KOMMENTAR
: UNO-Truppen nach Südafrika

■ Die internationale Organisation kann die Gewaltspirale in Südafrika durchbrechen

Erzbischof Desmond Tutu brachte es jüngst bei einem Rundgang durch das brennende Soweto auf den Punkt: Sein Land brauche neutrale Überwachungskräfte und keine Inkatha- freundliche Polizei. Tutu erinnerte an den von der UNO begleiteten Unabhängigkeitsprozeß im Nachbarland Namibia und forderte ein ähnliches Engagement der UNO auch in Südafrika.
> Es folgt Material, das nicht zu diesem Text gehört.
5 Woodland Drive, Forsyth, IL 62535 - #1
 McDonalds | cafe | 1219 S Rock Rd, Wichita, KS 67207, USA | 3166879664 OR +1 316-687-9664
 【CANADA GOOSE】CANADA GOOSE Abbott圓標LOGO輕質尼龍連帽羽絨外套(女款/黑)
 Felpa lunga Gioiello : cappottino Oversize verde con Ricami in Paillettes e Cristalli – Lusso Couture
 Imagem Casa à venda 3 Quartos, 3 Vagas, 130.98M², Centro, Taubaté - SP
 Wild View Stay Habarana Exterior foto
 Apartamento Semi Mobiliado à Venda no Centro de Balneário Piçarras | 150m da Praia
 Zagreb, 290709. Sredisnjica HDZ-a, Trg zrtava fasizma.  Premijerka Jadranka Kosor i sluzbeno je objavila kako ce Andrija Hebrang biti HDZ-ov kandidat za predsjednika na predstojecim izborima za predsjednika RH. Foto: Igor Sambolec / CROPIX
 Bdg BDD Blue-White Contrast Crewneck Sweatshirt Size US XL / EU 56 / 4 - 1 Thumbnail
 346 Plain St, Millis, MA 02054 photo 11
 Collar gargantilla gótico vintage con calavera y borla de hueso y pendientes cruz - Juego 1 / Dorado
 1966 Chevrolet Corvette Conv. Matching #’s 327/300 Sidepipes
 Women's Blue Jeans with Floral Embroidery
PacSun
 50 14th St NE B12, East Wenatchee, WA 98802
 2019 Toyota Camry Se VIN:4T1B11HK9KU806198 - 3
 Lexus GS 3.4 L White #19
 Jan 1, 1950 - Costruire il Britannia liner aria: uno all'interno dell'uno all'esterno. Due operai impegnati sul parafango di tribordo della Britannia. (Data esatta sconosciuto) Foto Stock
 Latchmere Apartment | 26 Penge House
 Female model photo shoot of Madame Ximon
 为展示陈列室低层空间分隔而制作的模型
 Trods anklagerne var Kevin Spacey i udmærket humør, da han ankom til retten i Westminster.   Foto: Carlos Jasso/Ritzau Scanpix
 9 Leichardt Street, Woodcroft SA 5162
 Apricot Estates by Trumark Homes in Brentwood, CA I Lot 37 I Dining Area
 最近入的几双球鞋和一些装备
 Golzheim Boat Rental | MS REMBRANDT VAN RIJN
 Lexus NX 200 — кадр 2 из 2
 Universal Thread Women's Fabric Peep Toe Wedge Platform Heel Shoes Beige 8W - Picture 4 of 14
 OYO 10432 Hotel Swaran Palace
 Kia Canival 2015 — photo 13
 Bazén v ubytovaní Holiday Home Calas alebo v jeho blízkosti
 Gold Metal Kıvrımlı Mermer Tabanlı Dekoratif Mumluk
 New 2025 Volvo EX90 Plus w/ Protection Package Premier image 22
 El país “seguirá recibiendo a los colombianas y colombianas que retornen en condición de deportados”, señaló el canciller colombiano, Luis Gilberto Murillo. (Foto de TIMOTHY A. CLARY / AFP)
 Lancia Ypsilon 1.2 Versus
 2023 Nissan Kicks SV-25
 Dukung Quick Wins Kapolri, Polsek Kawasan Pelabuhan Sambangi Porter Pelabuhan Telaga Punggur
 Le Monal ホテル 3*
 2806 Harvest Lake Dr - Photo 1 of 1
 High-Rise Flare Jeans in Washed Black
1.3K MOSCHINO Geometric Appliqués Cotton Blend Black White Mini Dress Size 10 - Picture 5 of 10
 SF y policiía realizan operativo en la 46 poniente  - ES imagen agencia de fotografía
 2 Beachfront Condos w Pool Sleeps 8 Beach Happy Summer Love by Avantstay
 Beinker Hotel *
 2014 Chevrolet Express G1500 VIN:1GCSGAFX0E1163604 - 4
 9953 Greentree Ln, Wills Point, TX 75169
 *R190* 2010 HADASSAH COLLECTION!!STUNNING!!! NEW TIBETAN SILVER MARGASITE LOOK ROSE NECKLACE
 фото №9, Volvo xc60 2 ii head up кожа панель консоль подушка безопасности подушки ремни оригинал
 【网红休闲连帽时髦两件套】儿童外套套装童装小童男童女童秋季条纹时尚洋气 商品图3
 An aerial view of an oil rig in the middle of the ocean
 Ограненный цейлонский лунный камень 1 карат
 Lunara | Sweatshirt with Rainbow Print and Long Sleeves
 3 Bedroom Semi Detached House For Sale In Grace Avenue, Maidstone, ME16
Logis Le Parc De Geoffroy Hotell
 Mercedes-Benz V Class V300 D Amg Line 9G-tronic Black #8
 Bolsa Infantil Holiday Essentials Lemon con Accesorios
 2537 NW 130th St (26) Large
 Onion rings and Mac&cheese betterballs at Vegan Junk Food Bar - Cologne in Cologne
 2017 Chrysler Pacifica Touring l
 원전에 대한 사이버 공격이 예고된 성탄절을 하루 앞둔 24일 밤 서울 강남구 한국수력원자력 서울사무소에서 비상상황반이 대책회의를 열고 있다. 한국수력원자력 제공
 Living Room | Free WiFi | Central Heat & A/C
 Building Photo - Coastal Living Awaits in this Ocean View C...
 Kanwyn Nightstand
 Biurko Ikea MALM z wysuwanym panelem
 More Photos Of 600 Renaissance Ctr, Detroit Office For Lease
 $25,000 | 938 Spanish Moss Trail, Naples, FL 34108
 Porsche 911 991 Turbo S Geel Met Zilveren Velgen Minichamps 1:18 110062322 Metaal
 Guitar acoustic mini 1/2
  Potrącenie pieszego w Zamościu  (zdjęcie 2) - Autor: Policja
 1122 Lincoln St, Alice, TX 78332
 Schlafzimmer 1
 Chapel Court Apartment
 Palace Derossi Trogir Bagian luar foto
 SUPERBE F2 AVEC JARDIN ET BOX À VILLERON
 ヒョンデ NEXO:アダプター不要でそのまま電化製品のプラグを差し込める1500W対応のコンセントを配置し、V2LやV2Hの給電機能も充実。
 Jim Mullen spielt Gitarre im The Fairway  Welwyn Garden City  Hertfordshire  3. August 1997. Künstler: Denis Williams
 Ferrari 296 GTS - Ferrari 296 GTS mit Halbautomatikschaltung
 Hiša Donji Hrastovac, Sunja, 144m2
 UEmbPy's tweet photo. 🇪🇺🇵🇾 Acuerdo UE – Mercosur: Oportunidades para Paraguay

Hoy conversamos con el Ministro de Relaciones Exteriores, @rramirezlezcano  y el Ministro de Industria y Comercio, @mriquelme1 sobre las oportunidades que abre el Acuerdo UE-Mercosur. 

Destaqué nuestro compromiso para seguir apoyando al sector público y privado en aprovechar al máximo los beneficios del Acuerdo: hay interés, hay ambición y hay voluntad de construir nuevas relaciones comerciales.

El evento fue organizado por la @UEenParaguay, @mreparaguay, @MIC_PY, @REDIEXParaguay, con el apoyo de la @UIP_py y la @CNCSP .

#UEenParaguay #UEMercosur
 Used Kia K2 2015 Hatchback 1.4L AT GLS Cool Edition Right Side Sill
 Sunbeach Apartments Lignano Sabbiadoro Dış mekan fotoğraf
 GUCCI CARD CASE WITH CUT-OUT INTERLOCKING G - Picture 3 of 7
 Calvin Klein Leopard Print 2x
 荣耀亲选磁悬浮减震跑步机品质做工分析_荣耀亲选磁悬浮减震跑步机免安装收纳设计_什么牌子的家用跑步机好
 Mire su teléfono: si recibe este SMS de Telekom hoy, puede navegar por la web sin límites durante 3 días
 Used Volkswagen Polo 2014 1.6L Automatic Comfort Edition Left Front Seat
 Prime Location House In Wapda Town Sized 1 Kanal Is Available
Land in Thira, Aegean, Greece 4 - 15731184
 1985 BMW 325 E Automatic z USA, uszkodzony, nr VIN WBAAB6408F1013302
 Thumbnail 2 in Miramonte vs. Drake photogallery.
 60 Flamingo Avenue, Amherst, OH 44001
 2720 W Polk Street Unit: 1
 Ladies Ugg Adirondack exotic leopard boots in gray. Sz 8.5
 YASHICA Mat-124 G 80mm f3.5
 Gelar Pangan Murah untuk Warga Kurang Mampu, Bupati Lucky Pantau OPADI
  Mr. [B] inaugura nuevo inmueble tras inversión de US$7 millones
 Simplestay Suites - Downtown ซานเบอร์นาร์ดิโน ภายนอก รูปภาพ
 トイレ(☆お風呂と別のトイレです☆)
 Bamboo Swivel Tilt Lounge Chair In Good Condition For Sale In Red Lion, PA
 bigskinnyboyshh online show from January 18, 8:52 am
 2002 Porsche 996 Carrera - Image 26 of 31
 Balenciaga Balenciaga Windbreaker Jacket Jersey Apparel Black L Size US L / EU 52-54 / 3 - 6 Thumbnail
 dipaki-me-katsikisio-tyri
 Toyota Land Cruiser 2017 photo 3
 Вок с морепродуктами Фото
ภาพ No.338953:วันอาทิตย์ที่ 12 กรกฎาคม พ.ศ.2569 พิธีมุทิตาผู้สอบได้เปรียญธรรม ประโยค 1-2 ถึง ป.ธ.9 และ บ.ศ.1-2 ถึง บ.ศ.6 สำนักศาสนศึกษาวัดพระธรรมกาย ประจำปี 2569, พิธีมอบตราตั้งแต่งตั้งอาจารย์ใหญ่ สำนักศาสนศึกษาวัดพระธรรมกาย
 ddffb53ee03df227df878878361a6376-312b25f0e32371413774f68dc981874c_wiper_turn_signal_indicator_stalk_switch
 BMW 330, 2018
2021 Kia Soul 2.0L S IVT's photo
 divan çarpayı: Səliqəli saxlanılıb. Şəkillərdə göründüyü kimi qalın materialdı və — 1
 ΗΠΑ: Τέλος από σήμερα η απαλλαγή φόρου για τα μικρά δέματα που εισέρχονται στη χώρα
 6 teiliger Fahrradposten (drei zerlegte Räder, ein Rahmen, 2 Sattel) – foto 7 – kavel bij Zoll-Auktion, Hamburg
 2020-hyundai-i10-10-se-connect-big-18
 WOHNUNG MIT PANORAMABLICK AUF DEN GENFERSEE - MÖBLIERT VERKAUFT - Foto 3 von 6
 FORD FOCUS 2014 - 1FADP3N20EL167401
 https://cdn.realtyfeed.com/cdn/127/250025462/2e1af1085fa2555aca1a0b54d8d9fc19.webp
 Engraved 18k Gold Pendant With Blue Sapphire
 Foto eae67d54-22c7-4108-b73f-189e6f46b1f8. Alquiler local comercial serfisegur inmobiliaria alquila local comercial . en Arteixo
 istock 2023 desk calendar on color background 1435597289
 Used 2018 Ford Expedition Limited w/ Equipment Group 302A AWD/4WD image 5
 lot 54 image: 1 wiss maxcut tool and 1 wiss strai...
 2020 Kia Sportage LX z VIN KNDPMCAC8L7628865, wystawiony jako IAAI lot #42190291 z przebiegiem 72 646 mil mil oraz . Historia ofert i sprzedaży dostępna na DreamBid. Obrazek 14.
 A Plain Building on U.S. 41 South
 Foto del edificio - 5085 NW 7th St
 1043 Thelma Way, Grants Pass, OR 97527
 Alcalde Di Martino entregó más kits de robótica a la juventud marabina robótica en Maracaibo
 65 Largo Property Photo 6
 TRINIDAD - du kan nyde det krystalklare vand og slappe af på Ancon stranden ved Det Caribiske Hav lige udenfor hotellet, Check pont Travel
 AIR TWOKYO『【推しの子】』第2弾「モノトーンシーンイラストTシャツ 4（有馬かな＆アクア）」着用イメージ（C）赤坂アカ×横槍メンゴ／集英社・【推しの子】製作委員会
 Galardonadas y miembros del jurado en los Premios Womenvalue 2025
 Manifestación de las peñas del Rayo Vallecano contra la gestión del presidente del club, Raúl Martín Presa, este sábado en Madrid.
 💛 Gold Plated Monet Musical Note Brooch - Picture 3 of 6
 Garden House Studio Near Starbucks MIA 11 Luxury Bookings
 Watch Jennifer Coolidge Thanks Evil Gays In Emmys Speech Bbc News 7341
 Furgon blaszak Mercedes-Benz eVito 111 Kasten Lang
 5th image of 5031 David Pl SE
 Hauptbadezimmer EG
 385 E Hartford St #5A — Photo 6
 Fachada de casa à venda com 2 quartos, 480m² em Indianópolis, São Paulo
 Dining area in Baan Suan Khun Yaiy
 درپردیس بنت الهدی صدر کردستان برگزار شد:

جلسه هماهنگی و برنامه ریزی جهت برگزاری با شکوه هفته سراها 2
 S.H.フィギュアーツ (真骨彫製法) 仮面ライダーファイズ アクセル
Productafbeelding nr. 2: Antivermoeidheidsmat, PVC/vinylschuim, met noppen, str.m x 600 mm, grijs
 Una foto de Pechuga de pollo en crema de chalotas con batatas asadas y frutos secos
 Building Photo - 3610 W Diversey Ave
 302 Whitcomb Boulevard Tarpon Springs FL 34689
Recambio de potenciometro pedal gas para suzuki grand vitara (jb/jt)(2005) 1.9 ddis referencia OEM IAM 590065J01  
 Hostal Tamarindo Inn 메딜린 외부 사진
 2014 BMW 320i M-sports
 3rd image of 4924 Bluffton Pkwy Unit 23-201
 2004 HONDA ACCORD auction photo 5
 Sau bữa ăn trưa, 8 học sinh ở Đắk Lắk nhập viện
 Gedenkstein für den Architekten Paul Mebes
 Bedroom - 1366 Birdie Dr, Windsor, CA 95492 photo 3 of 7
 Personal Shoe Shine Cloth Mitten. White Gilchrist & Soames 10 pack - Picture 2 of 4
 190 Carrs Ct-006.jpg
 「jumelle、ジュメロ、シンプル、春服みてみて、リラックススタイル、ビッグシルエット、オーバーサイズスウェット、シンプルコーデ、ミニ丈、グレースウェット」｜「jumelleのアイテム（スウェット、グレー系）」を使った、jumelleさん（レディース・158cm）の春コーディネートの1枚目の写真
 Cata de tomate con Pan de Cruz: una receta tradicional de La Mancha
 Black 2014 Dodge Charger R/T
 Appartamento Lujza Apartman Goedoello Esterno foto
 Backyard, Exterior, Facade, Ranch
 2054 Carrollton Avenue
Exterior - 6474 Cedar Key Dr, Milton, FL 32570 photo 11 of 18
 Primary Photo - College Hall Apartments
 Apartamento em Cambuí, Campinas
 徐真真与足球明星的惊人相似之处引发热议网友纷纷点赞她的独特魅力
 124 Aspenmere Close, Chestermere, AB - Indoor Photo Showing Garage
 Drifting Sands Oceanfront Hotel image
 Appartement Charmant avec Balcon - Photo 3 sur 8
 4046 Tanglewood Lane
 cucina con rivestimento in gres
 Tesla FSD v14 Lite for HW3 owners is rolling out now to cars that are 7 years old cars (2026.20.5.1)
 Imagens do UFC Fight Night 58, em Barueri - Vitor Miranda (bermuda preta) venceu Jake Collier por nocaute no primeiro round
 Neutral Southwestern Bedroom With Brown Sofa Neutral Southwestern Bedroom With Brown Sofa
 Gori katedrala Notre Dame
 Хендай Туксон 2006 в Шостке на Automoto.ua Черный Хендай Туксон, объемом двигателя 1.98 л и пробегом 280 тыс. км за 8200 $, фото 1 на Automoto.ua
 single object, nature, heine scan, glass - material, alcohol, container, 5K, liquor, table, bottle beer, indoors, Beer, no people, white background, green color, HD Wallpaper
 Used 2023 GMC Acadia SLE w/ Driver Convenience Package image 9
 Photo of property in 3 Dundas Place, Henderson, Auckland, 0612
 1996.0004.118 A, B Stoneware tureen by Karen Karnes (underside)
Die Regierung in Pretoria versteht die Zeichen der Zeit. Jahrelang lehnte man jede internationale Intervention im eigenen Fall kategorisch ab, da man sich als rechtlich legitime Regierung betrachtet. Die Kolonie Namibia allerdings wäre niemals ohne zähe Verhandlungen und eine Überwachung des Unabhängigkeitsprozesses durch die UNO den Oppressor aus Pretoria losgeworden. Nun bittet die De-Klerk-Regierung die UNO, an die um Macht kämpfenden schwarzen Parteien zu appellieren, um diese an einen Tisch zu bringen. Ein erstaunlicher Schritt und wohl der Tatsache geschuldet, daß zwar der weiße politische Apparat zur Transformation der Gesellschaft bereit ist, der Sicherheitsapparat jedoch streikt — ein Staat im Staat. Eine direkte, folgenreiche Auseinandersetzung mit den reformfeindlichen und apartheidloyalen Polizisten und Militärs hat die Regierung de Klerk bis dato vermieden. Und: Nie war die Möglichkeit eines Putsches so realistisch wie heute.

Will man nicht, daß Südafrika endgültig in einen Bürgerkrieg gleitet, müßte die internationale Gemeinschaft einen Fahrplan wie etwa in Namibia oder wie vielleicht bald in Kambodscha aufstellen, der auf der Basis freier Wahlen oder einer Volksbefragung über eine zukünftige Verfassung operiert und diese Prozesse begleitet. In einem solchen Rechtsrahmen würde sich der Sicherheitsapparat vielleicht einigermaßen demokratisieren und säubern lassen.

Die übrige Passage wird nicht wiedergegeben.